In response to these events and to a new CIA report warning of the growing disaffection of the Iraqi people, the Bush Administration has unveiled an “Iraqization” strategy that moves up the date for turning over some control to an Iraqi governing body to June and that speeds up the process of training Iraqi police and security forces. Also anticipated is the first withdrawal of US troops next spring, several months before the presidential election.
The new Bush policy seems more an exercise in political expediency–an attempt to put an Iraqi face on the US occupation while preparing the way to cut and run if the going gets tough–than a serious plan for fostering Iraqi democracy, stabilizing the country or bringing US troops safely home. Indeed, as Jalal Talabani, current president of the US-appointed Governing Council, made clear to the Washington Post, the United States will still be pulling the strings even after the handover, with American troops remaining as “invited guests.”
The Administration seems to believe it can get more Iraqis to join its efforts without ceding, in the near term, any real sovereignty. But without such sovereignty the Iraqi troops the United States is training, as well as the selected Iraqi leaders, will continue to be seen as collaborators and will have little effectiveness in repelling guerrilla attacks–whether by Saddam loyalists or by those simply opposed to the US occupation–or in establishing their own authority. As foreign policy columnist William Pfaff has recently observed, security and sovereignty cannot be separated: “You cannot have one without the other.”
After having waged war on the basis of deception and outright lies, and after arrogantly rebuking the other United Nations Security Council members for their call for more international control, the Bush Administration bears responsibility for the fact that there are no good or easy options in Iraq. Those who say we must “stay the course”–even when they mean by that a genuine effort to rebuild Iraq’s infrastructure and provide safety for its people–ignore the reality on the ground. American forces, especially in the Sunni triangle, are doing little to provide security for postwar reconstruction and nation-building while provoking ever-greater hostility with their expanding “search and destroy” missions. They are increasingly targets, as are those Iraqis and citizens of other nations (like the nineteen Italians who died in a recent attack) who are cooperating with the United States. More US troops will do little to change that dynamic. Indeed, if history is any guide, this is a war we cannot win, even if the guerrillas represent remnants of a despised regime and lack broad support among Iraqis.
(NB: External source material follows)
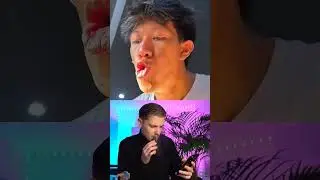 Reacting Vape Tricks 💨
The better, and ultimately more responsible, alternative is an immediate restoration of Iraqi sovereignty–ideally through a process overseen by the UN–combined with an orderly but rapid withdrawal of US troops. Only by setting forth a clear, firm timetable for both to be accomplished–within months–can Washington hope to break the momentum of the guerrilla war and transform the logic of the situation in Iraq from one of occupation to one of restoring self-determination. And it is only by signaling that it is willing to relinquish control–political and economic–that the United States can hope to re-engage the UN. This commitment to Iraqi sovereignty also means that it will be Iraqis, not the officials running Washington’s crony contracting process, who determine the nature of Iraq’s economic system and oversee the process of awarding contracts for reconstruction. Accompanying these changes could be a new effort to establish a truly multinational force that would provide an interim Iraqi government with assistance in reconstruction, security and preparations for elections. But these developments must be the product of, not the precondition for, the restoration of Iraqi sovereignty.
The future of Iraq should not be turned into a question of whether America has the stomach to stay the course. It is a question of giving Iraqis a chance to determine their own future, with whatever assistance they choose: the UN, the Arab League or other international bodies.
Yes, there is a danger that Iraq will slide further into chaos or civil war if US forces are withdrawn. But in our neoimperial delirium, we have forgotten one of the lessons of the twentieth century: that no people, no matter how dispirited by years of dictatorship, will tolerate occupation–whatever its intentions–for long before the occupiers themselves become the targets of revolt and the source of instability. We cannot will a stable, democratic Iraq into being, even with double or triple the US forces there now. Only the Iraqis can do that–on their own terms and in their own time.